#### [Task prompt]
Please repeat each line from the one holding "Condo in Largo, Florida, 2" through the final line of the data, exactly as it stands, with no pictures.

(Web page caption snippets)
= = =

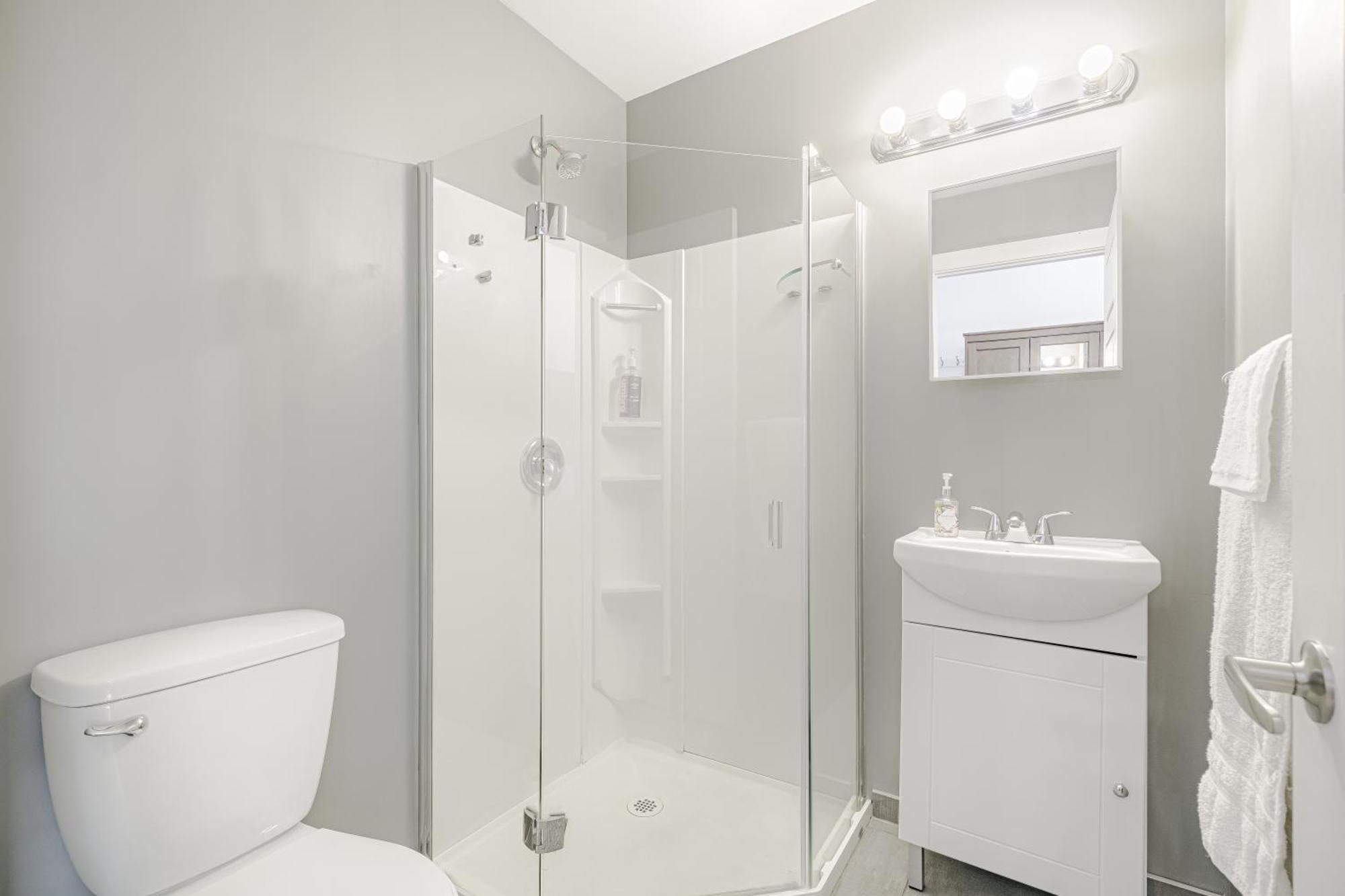 Homa Homestay Hotel By Olympic Stadium Montreal Auberge-Hostel エクステリア 写真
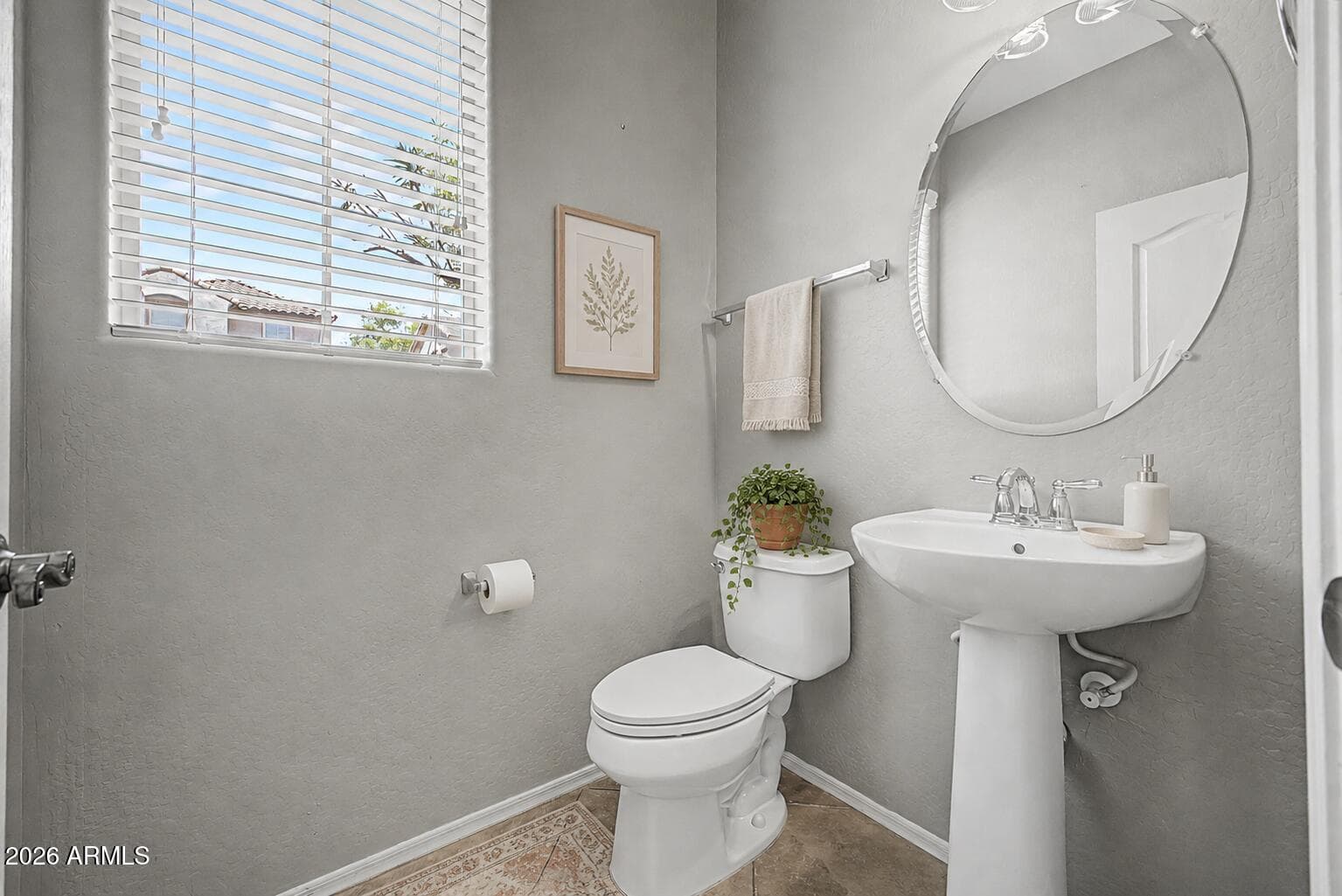 4215 E MILKY Way, Gilbert, AZ 85295 — photo 13 of 29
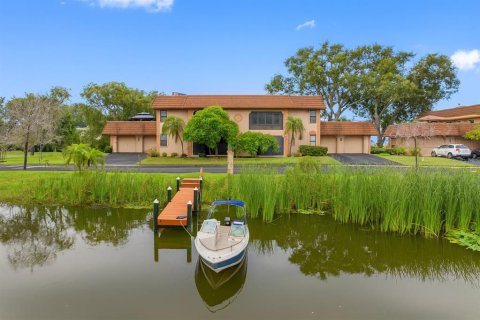 Condo in Largo, Florida, 2 bedrooms  № 1900231 - photo 20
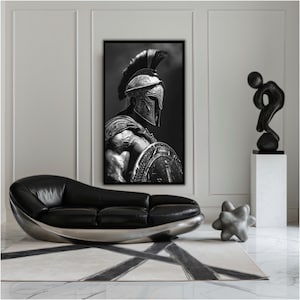 Lienzo guardián del valor en blanco y negro, obra de arte del espíritu guerrero estoico, casco atemporal y decoración de pared de escudo, listo para colgar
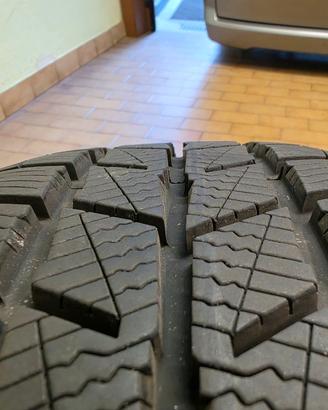 4x Gomme invernali 215/55 R17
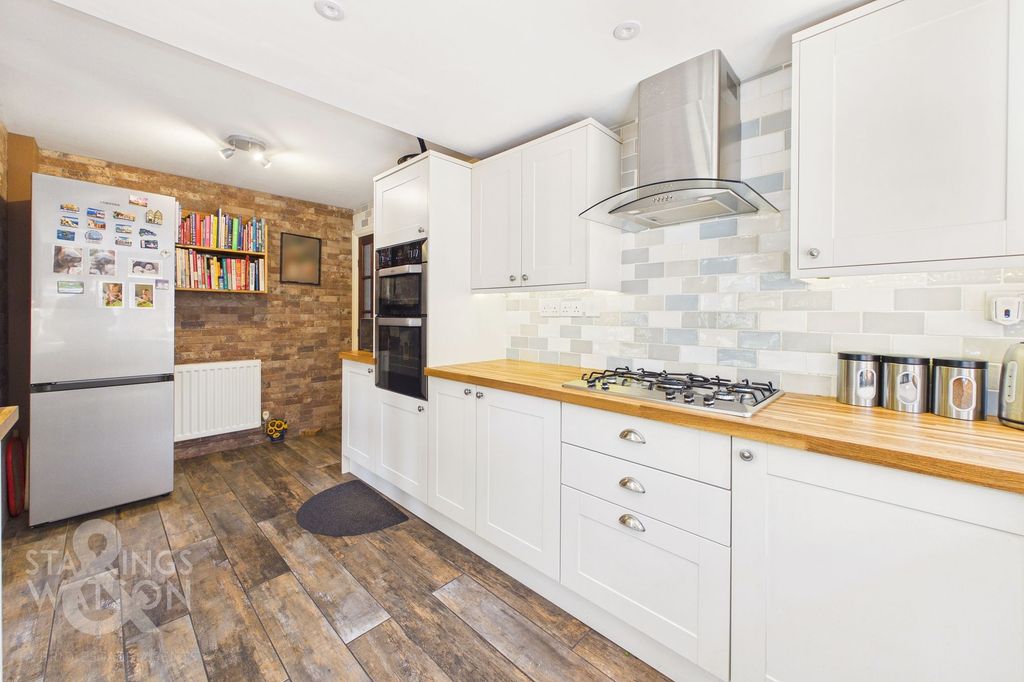 Additional image 12 of 4 bed semi-detached house for saleWarren Road, Gorleston, Great Yarmouth NR31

= = =

#### [Answer to this problem]
 Condo in Largo, Florida, 2 bedrooms  № 1900231 - photo 20
 Lienzo guardián del valor en blanco y negro, obra de arte del espíritu guerrero estoico, casco atemporal y decoración de pared de escudo, listo para colgar
 4x Gomme invernali 215/55 R17
 Additional image 12 of 4 bed semi-detached house for saleWarren Road, Gorleston, Great Yarmouth NR31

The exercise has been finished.